The MiniMax-M2 Series: Mini Activations Unleashing Max Real-World Intelligence

MiniMax released the M2 series of Mixture-of-Experts language models, featuring 229.9 billion total parameters with only 9.8 billion activated per token, designed for agentic deployment. The models use agent-driven data pipelines, a scalable reinforcement learning system called Forge, and the M2.7 checkpoint introduces self-evolution capabilities for autonomous debugging and scaffold modification. The series achieves frontier-tier performance on agentic coding, deep search, office-task, and reasoning benchmarks despite its small activation footprint.

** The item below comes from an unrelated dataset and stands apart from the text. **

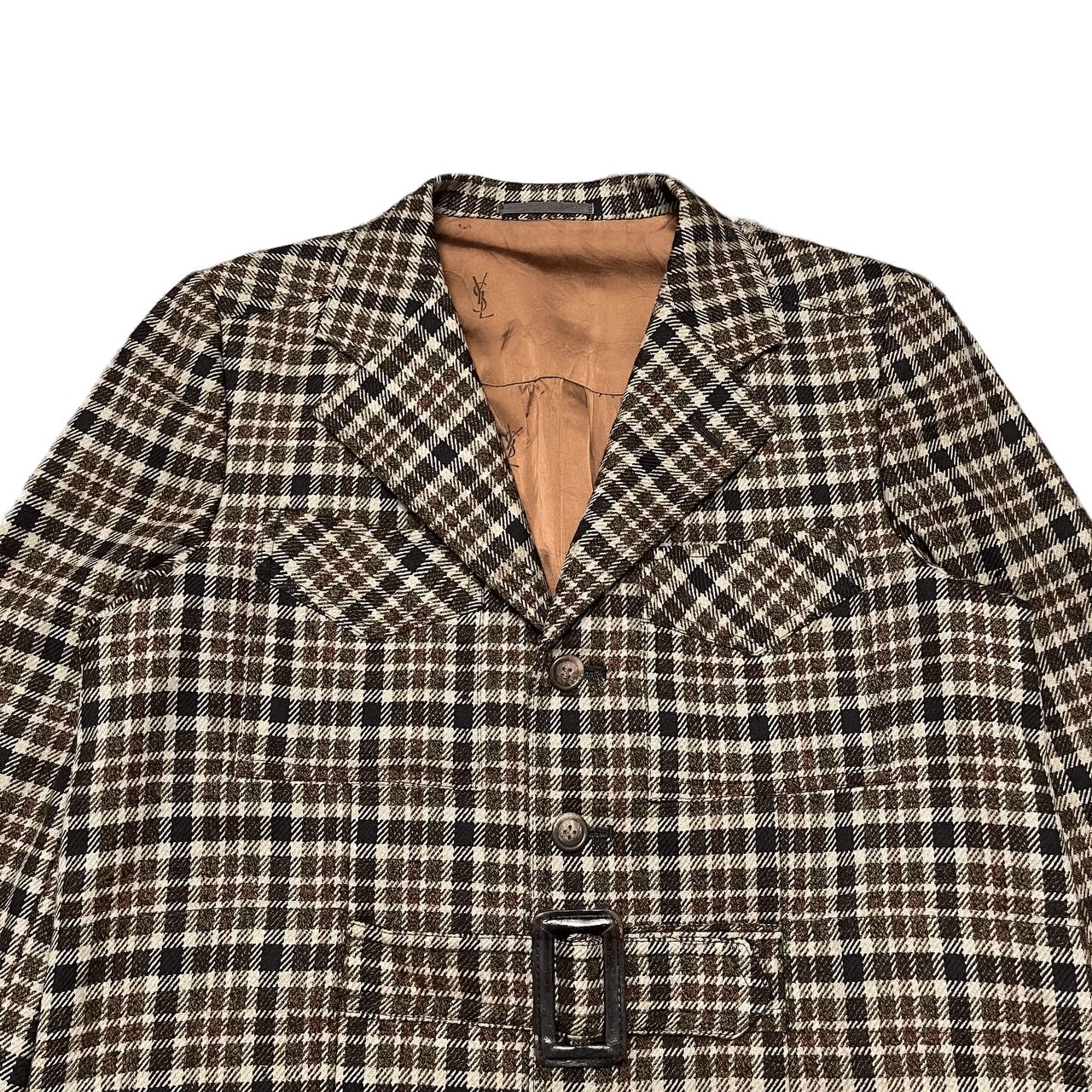 Yves Saint Laurent Vintage YSL Yves Saint Laurent Wool Coat with Buckle Size US M / EU 48-50 / 2 - 2 Thumbnail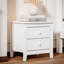 2 Table de chevet pour chambre à coucher, attrait rétro Mid-Century. Blanc classique. Matériau de fabrication. Beaucoup d'espace de rangement. Instructions d'assemblage faciles. Table de chevet 19,3 po x l 15,6 po x P 19,7 po, charme.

arXiv:2605.26494v1 Announce Type: new Abstract: We introduce the MiniMax-M2 series, a family of Mixture-of-Experts language models built around the principle that mini activations can unleash maximum real-world intelligence. The flagship M2 contains 229.9B total parameters with only 9.8B activated per token. Designed end-to-end for agentic deployment, the M2 series rests on three components: i agent-driven data pipelines producing large-scale, verifiable trajectories across agentic coding and agentic cowork, each grounded in an executable workspace and an artifact-aligned reward; ii Forge, a scalable agent-native RL system that adapts to long-horizon agent trajectories, paired with windowed-FIFO scheduling, prefix-tree merging, inference optimization, and a clean training-inference-agent decoupling that supports both white-box and black-box agents; iii the latest M2.7 checkpoint takes an early step toward self-evolution -- autonomously debugging training runs and modifying its own scaffold. Across M2 through M2.7, this combination translates a mini-activation footprint into frontier-tier performance on agentic coding, deep search, office-task, and reasoning benchmarks.